Dovremmo proprio evitare di fare anche stavolta quello che a noi italiani riesce benissimo, cioè cascare dalla padella alla brace. Già, perché invece proprio in queste ore stiamo facendo così e ora proviamo a spiegare perché.
A monte (la padella) c’è la privatizzazione delle nostre autostrade, fatta in fretta e furia alla fine degli anni ’90 (sostanzialmente dai governi di centro-sinistra) a condizioni eccessivamente favorevoli per i compratori (Benetton, Gavio e Toto i più importanti), che infatti in questi vent’anni hanno macinato utili come se piovesse a fronte di limitati investimenti in ammodernamento della rete e sicurezza degli impianti.
Sotto la padella però c’è la brace, quella in cui rischiamo di finire scegliendo una via come quella imboccata dal governo, via che fa poltiglia del diritto (in materia di revoca delle concessioni), della divisione dei poteri (per l’accertamento della verità), della tutela del risparmio (basta osservare andamento dei titoli in borsa) e della accorta gestione delle potenziali reazioni sui mercati internazionali (vedi crescita immediata del spread).

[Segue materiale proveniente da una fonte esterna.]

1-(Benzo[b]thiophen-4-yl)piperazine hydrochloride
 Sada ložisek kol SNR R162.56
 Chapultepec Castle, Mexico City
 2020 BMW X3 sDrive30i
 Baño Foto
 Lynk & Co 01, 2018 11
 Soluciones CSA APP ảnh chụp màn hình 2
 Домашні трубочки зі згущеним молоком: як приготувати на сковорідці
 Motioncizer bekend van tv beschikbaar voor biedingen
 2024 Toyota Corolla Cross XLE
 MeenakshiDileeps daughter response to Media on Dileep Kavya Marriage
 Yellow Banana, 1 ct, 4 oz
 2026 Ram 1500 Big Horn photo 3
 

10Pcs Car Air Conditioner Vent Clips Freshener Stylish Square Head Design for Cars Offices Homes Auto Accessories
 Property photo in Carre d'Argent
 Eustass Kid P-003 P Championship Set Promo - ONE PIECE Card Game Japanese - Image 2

Quello che i nostri governanti sembrano non capire è che siamo in un mondo clamorosamente interconnesso, nel quale le soluzioni autarchiche non solo sono assai poco efficienti (si vedrebbe solo nel medio-lungo periodo, come insegna il caso Turchia), ma sono sostanzialmente impossibili, poiché fattori esterni finiscono per imporre prezzi assai maggiori dei benefici e per giunta in tempo più rapido.
Ecco allora perché la deriva imboccata è pericolosissima.
Da un lato il governo liscia il pelo alla (sacrosanta) arrabbiatura dell’opinione pubblica, che vuole la testa di qualcuno a fronte di un disastro con decine di morti.
Dall’altro però questo significa tentare di tramutare l’Italia in un Paese senza regole, dove il governo procede per annunci e dichiarazioni roboanti, cui seguono improbabili e sgangherati atti amministrativi o di legge.
Il presidente Conte, che si è definito “l’avvocato degli italiani”, dovrebbe tenere a freno i bollenti spiriti dei suoi vice premier, altrimenti finirà per essere lui stesso vittima di tutto ciò, proprio a causa delle contraddizioni evidenti che già si stanno manifestando.
A Genova il governo ha il dovere di compiere tre atti immediati, che sono propri del suo ruolo.
In primo luogo garantire la migliore gestione dei soccorsi e di tutte le altre emergenze, compreso il ritorno nella case delle tante persone ancora in strada. Da questo punto di vista lo sforzo pare ben avviato, con grande impegno e efficace coordinamento.
Secondariamente c’è da studiare un programma per il dopo, in particolare per riconsegnare alla città di Genova e all’Italia tutta la possibilità di muoversi in sicurezza il più rapidamente possibile.
Infine c’è il tema del rapporto con Autostrade per l’Italia, le cui eventuali responsabilità andranno accertate nelle sedi competenti.
Il governo però ha il diritto (ed anche il dovere) di valutare attentamente tutto l’impianto della concessione, in particolare guardando al futuro. Ed ha soprattutto il dovere di mettere mano ad un grande sforzo di investimenti per la messa in sicurezza della nazione.
Qui arriviamo al punto più importante.
Per fare questo sul serio serve autorevolezza in Europa e suoi mercati, perché altrimenti non ci saranno i soldi per fare un bel niente. Quindi non serve strillare battendosi le mani sul petto, serve un programma poderoso e raffinato in grado di trovare sostegni e non ostacoli.
L’Italia non può permettersi di imboccare la via del Venezuela, vagheggiando un ruolo dello Stato (dalle autostrade all’Alitalia) che ci riporta indietro di decenni e che non ha mai dato buona prova di sé.
L’Italia deve giocare nel mondo moderno, che piaccia o no ai ministri di questo governo. Le fughe dalla realtà danno all’istante un inebriante senso di onnipotenza. Ma finiscono per essere pagate duramente da tutti, nessuno escluso.